Folklore and Facts About Managerial Work

There are four myths about the manager’s job that do not bear up under careful scrutiny of the facts.

Folklore: The manager is a reflective, systematic planner. The evidence on this issue is overwhelming, but not a shred of it supports this statement.

Fact: Study after study has shown that managers work at an unrelenting pace, that their activities are characterized by brevity, variety, and discontinuity, and that they are strongly oriented to action and dislike reflective activities. Consider this evidence:

Half the activities engaged in by the five chief executives of my study lasted less than nine minutes, and only 10% exceeded one hour.1 A study of 56 U.S. foremen found that they averaged 583 activities per eight-hour shift, an average of 1 every 48 seconds.2 The work pace for both chief executives and foremen was unrelenting. The chief executives met a steady stream of callers and mail from the moment they arrived in the morning until they left in the evening. Coffee breaks and lunches were inevitably work related, and ever-present subordinates seemed to usurp any free moment.

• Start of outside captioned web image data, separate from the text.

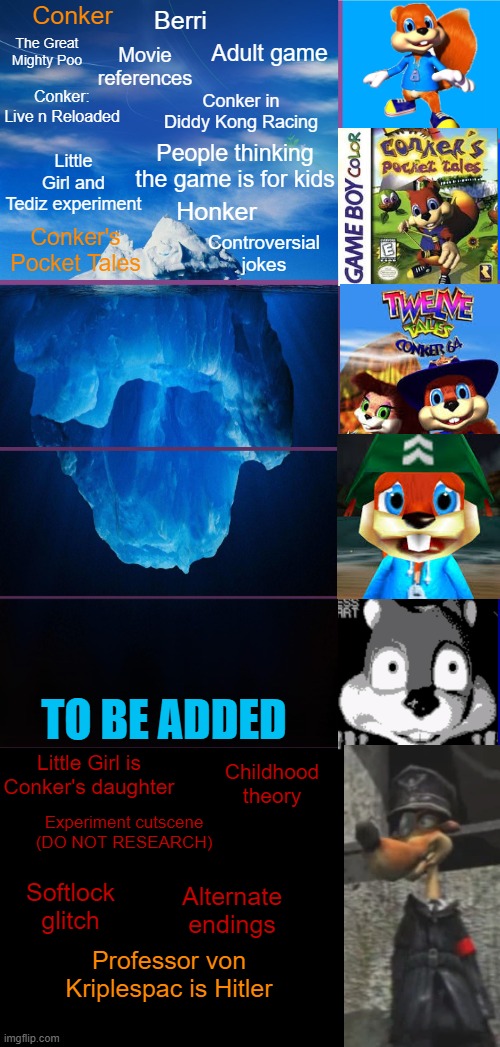 Conker iceberg V2 Demo | Conker; Berri; The Great
Mighty Poo; Adult game; Movie
references; Conker: Live n Reloaded; Conker in Diddy Kong Racing; Little Girl and Tediz experiment; People thinking the game is for kids; Honker; Conker's Pocket Tales; Controversial
jokes; TO BE ADDED; Little Girl is Conker's daughter; Childhood
theory; Experiment cutscene
(DO NOT RESEARCH); Softlock glitch; Alternate
endings; Professor von Kriplespac is Hitler | image tagged in iceberg 5 layers,iceberg,rare,nintendo 64,nintendo,xbox live | made w/ Imgflip meme maker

A diary study of 160 British middle and top managers found that they worked without interruption for a half hour or more only about once every two days.3

How often can you work for a half an hour without interruption?

Of the verbal contacts the chief executives in my study engaged in, 93% were arranged on an ad hoc basis. Only 1% of the executives’ time was spent in open-ended observational tours. Only 1 out of 368 verbal contacts was unrelated to a specific issue and could therefore be called general planning. Another researcher found that “in not one single case did a manager report obtaining important external information from a general conversation or other undirected personal communication.”4

Is this the planner that the classical view describes? Hardly. The manager is simply responding to the pressures of the job. I found that my chief executives terminated many of their own activities, often leaving meetings before the end, and interrupted their desk work to call in subordinates. One president not only placed his desk so that he could look down a long hallway but also left his door open when he was alone—an invitation for subordinates to come in and interrupt him.

Clearly, these managers wanted to encourage the flow of current information. But more significantly, they seemed to be conditioned by their own work loads. They appreciated the opportunity cost of their own time, and they were continually aware of their ever-present obligations—mail to be answered, callers to attend to, and so on. It seems that a manager is always plagued by the possibilities of what might be done and what must be done.

When managers must plan, they seem to do so implicitly in the context of daily actions, not in some abstract process reserved for two weeks in the organization’s mountain retreat. The plans of the chief executives I studied seemed to exist only in their heads—as flexible, but often specific, intentions. The traditional literature notwithstanding, the job of managing does not breed reflective planners; managers respond to stimuli, they are conditioned by their jobs to prefer live to delayed action.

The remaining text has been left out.